____ Dataset records
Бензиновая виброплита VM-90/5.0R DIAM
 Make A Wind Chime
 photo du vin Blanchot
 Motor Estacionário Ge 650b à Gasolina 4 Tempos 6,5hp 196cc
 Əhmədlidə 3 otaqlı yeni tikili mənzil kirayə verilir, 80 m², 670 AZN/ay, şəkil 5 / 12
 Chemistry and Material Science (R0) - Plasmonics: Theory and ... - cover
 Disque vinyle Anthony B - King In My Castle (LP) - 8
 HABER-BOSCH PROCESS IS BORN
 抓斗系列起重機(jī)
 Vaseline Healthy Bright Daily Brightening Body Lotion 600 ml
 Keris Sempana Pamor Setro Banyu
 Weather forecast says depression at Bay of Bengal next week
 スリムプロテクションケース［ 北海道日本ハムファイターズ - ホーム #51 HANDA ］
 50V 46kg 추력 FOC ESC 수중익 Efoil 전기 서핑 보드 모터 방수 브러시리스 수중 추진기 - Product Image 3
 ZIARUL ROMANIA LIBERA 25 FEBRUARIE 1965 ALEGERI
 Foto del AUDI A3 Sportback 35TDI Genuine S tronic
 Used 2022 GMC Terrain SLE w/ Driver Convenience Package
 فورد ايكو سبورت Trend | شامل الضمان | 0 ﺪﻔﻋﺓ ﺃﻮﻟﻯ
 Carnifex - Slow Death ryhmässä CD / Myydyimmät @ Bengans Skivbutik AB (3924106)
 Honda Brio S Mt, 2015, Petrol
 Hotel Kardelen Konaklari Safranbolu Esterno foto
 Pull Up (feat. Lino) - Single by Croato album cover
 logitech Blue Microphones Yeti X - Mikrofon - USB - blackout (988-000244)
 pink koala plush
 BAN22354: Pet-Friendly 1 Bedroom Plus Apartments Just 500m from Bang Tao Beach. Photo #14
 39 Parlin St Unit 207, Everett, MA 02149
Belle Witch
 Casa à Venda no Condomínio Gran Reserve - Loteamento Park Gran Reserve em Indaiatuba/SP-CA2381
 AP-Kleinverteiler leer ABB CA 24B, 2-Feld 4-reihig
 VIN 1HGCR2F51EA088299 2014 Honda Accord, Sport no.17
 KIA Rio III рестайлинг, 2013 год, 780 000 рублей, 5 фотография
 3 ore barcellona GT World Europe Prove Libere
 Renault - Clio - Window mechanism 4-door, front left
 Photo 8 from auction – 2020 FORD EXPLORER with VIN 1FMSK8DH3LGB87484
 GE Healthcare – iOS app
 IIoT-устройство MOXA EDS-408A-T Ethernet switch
________
Go through the data above and copy all of it exactly.

## Exercise solution
Бензиновая виброплита VM-90/5.0R DIAM
 Make A Wind Chime
 photo du vin Blanchot
 Motor Estacionário Ge 650b à Gasolina 4 Tempos 6,5hp 196cc
 Əhmədlidə 3 otaqlı yeni tikili mənzil kirayə verilir, 80 m², 670 AZN/ay, şəkil 5 / 12
 Chemistry and Material Science (R0) - Plasmonics: Theory and ... - cover
 Disque vinyle Anthony B - King In My Castle (LP) - 8
 HABER-BOSCH PROCESS IS BORN
 抓斗系列起重機(jī)
 Vaseline Healthy Bright Daily Brightening Body Lotion 600 ml
 Keris Sempana Pamor Setro Banyu
 Weather forecast says depression at Bay of Bengal next week
 スリムプロテクションケース［ 北海道日本ハムファイターズ - ホーム #51 HANDA ］
 50V 46kg 추력 FOC ESC 수중익 Efoil 전기 서핑 보드 모터 방수 브러시리스 수중 추진기 - Product Image 3
 ZIARUL ROMANIA LIBERA 25 FEBRUARIE 1965 ALEGERI
 Foto del AUDI A3 Sportback 35TDI Genuine S tronic
 Used 2022 GMC Terrain SLE w/ Driver Convenience Package
 فورد ايكو سبورت Trend | شامل الضمان | 0 ﺪﻔﻋﺓ ﺃﻮﻟﻯ
 Carnifex - Slow Death ryhmässä CD / Myydyimmät @ Bengans Skivbutik AB (3924106)
 Honda Brio S Mt, 2015, Petrol
 Hotel Kardelen Konaklari Safranbolu Esterno foto
 Pull Up (feat. Lino) - Single by Croato album cover
 logitech Blue Microphones Yeti X - Mikrofon - USB - blackout (988-000244)
 pink koala plush
 BAN22354: Pet-Friendly 1 Bedroom Plus Apartments Just 500m from Bang Tao Beach. Photo #14
 39 Parlin St Unit 207, Everett, MA 02149
Belle Witch
 Casa à Venda no Condomínio Gran Reserve - Loteamento Park Gran Reserve em Indaiatuba/SP-CA2381
 AP-Kleinverteiler leer ABB CA 24B, 2-Feld 4-reihig
 VIN 1HGCR2F51EA088299 2014 Honda Accord, Sport no.17
 KIA Rio III рестайлинг, 2013 год, 780 000 рублей, 5 фотография
 3 ore barcellona GT World Europe Prove Libere
 Renault - Clio - Window mechanism 4-door, front left
 Photo 8 from auction – 2020 FORD EXPLORER with VIN 1FMSK8DH3LGB87484
 GE Healthcare – iOS app
 IIoT-устройство MOXA EDS-408A-T Ethernet switch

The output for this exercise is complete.